Enough is enough. The sense of injustice got people’s blood boiling in these times of high unemployment, low wages and heavy tax bills for low-income families. This scandal came to a head after years of neo-liberal reforms across the board, rolling back acquisitions which were won in epic struggles throughout the twentieth century (1936 general strike, anti-Nazi insurrection during the Second World War and the biggest strike action in French history triggered off by the student revolt in May 1968). All of these acquisitions are going down the drain and the reform on pension rights was the straw that broke the camel’s back.
The eighth major day of action since the beginning of this struggle took place on November 6 with 1,200,000 demonstrators taking to the streets in 245 cities and towns across the country. Although these figures may appear impressive, they’re down from former days of action, some of which drew over twice that number in the streets. This was foreseeable, as this reform was voted in parliament on October 27, a step which discouraged a number of people, although it failed to convince them of the government’s position. The Socialist opposition in the National Assembly initiated recourse before the Constitutional Council concerning the legality of the reform and the President of the Republic has yet to promulgate it. And there are precedents in forcing governments to rescind unpopular laws. Youth and the workers’ movement succeeded in doing so in 2006 in the case of previous anti-labour legislation, even though the right had a parliamentary majority.
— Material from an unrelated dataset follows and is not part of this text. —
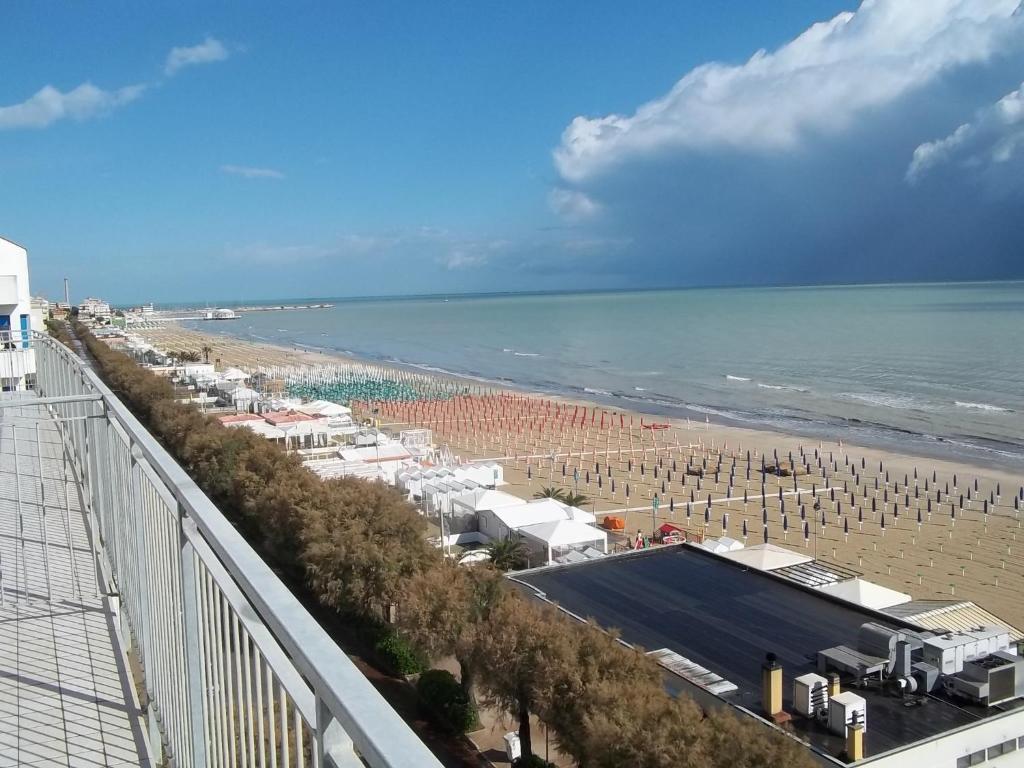 Hotel Italia سينِغاليا المظهر الخارجي الصورة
This experience is on everybody’s mind in the current showdown on retirement rights. Sarkozy’s UMP has a majority in the National Assembly but opponents to the reform have a 70% majority in the population, according to numerous opinion polls which attest to the unpopularity of the law.
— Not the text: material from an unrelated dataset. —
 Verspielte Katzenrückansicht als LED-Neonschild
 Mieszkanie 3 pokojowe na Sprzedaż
Some of the mass demonstrations — like the one on November 6 — were held on a weekend to allow more people to participate. Others have taken place during the week, counting on the participation of striking workers. Aside from the eight days of mass mobilization so far, numerous local labour actions have been launched in different sectors. Strategic sectors such as the oil industry (refineries and storage depots), dockers in Marseilles — the country’s biggest harbour — truck drivers and railway workers were accompanied in strike action by Air France employees, postal workers, garbage collectors, teachers and support staff in schools. Not to mention university and high school students who shut down their schools to join the demonstrators. Truck drivers conducted snail operations on highways, railroad tracks were occupied thus stopping trains and striking workers visited neighbouring factories, inciting their fellow workers to join them, thus creating a domino effect in certain industrial zones. Workers are angry and have made that known in no uncertain terms.
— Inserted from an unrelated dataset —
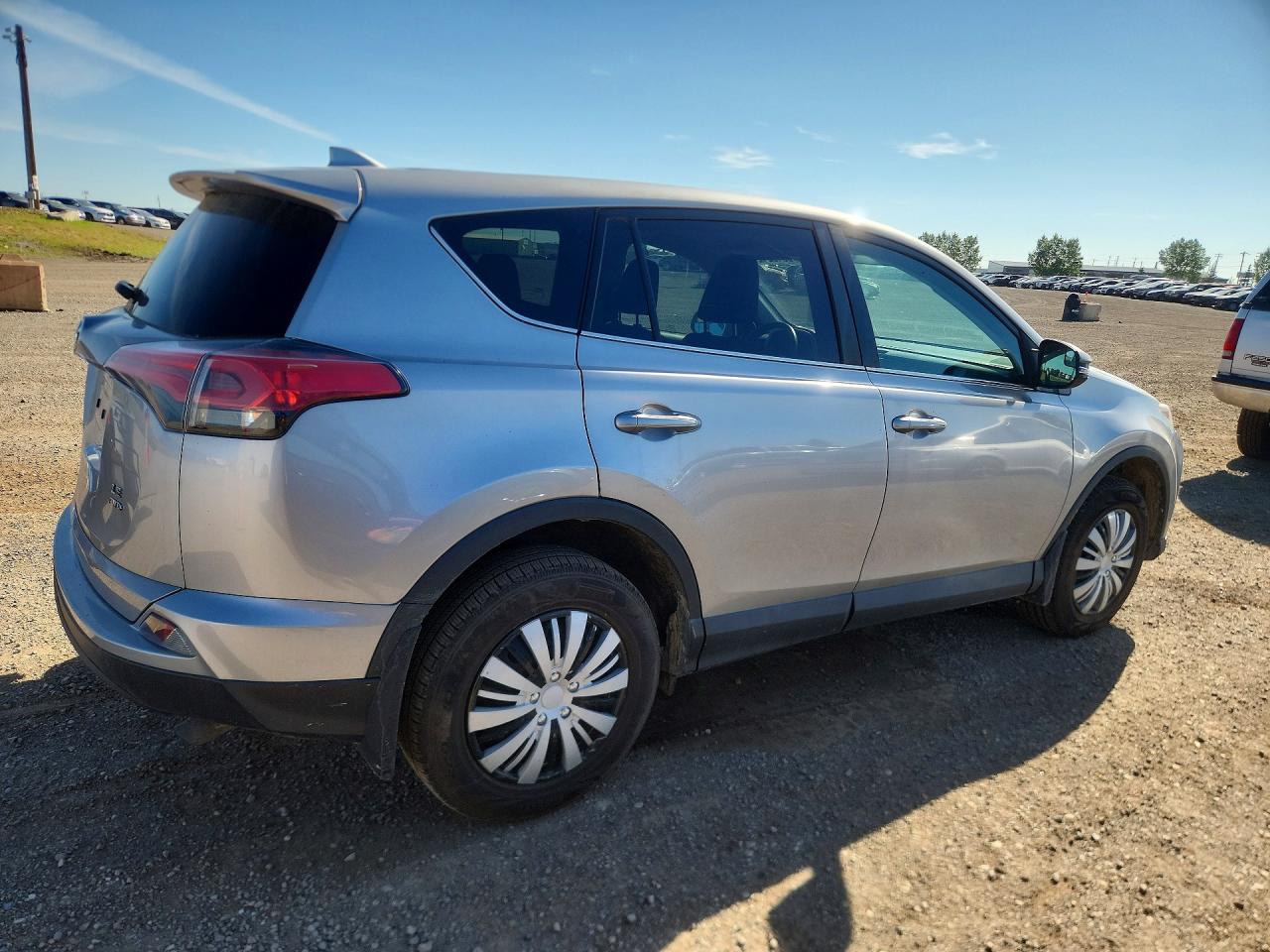 2T3BFREV8GW489897 · 2016 TOYOTA RAV4 · 3/13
France’s six major trade union federations have remained united in their opposition to the reform, although labour’s united front on this issue is starting to show signs of disagreement on tactics and objectives (withdrawal of the law or negotiating modifications thereto). Another period of action is called for the week starting November 22. This tactic is not uncommon in French labour practises (isolated days or weeks of action, followed by a return to work with a series of rotating strikes). The efficiency of this tactic — orchestrated by the top union leadership — has been strongly put into question with calls from the rank and file for an ongoing general strike.
Predictably, the CGT (Confédération Générale du Travail, the largest trade union federation, close to the Communist Party) has been amongst the most combative. Surprisingly, it has shared this vanguard role with FO (Force Ouvrière), which usually has the reputation of being a more passive, apolitical organization. The CFDT (Confédération Française Démocratique du Travail, close to the Socialist Party) has for many years played the role of a class collaborationist business union and its national leadership has not disavowed that posture in the current struggle. But so far, rank and file pressure for unity has kept the union leadership marching together.
Political observers have been practically unanimous in saying that this showdown could turn out to be a Pyrrhic victory for the government. Even if the parliament and Sarkozy’s cabinet get the last word on maintaining and applying this law, it will not be forgotten overnight. Certainly not before the next presidential election in 2012. Sarkozy wanted to comfort his conservative base in society by showing a tough stand when confronted by the unions. However the unpopularity of the measure has galvanized public opinion in its belief that the current government is a regime that rules for the rich. This leaves a very bitter resentment which will not dissipate soon.